The alternative, though, is that all of the things that look like individual cartoons here - mostly retelling specific dreams - were all new work, that Chast dug through her dream notebook and did all of this work in one rush as a book. That's possible, but it feels like a compendium of several decades of dreams - that she pulled published cartoons and sketches and ideas from the body of her work, maybe with a tropism for things that hadn't been in a book yet, to cover this material.
Because creators don't just suddenly have a completely different idea that they've been working on for years, and Chast has been thinking and cartooning about her dreams for a long time now.

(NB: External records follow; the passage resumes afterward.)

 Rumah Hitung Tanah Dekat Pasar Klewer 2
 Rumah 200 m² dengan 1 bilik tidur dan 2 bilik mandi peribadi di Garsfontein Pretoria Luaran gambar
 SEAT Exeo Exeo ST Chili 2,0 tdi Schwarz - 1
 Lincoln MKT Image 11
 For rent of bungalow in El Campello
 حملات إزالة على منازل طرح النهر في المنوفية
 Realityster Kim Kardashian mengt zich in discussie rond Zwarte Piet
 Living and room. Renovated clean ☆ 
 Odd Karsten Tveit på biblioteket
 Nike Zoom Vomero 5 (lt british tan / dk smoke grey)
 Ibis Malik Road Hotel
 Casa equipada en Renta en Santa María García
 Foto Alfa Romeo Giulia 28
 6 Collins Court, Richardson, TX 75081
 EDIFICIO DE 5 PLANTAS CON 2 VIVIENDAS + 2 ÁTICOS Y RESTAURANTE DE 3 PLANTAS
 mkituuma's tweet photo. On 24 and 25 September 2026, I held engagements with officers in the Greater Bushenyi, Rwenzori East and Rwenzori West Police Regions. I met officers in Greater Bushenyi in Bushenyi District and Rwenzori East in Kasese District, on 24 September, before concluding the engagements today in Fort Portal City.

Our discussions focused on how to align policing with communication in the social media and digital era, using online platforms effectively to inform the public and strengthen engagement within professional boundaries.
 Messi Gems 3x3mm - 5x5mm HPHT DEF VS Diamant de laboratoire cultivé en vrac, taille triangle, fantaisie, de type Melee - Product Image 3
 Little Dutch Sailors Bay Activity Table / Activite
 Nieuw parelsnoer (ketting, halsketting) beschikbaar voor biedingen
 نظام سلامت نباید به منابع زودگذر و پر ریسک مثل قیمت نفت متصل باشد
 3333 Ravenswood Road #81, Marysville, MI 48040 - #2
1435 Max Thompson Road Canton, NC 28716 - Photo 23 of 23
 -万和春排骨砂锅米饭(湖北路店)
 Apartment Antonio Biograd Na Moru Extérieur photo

Either way, Dreaming starts out with what is clearly new material, in Chast's GN-esque style - hand-drawn type in paragraphs around individual illustrations - as she explains what she finds interesting about dreams, and how she's captured hers - then dives into compendia of different types of dreams, mostly drawn as single-page cartoons - and then has a somewhat historical/overview section, again in that more discursive GN style, to close.
Everyone's dreams are weird and random, I think - some in an interesting way, and some in a tedious way. Chast is clear that she's curating dreams here: illustrating the most distinctive or visual or bizarre ones, and avoiding the dull ones. (Anyone else had the "trying to walk somewhere in the rain, and your legs don't work right?" Unpleasant to experience, boring to explain.)
It's a Roz Chast book, so it's full of her sensibility and viewpoint - though maybe more so, because of dream logic. I liked it a lot, again because it's Roz Chast. In sum, unless you are one of those weirdoes who can't stand Chast, this book will make you laugh and enjoy life just a bit more during the time you read it.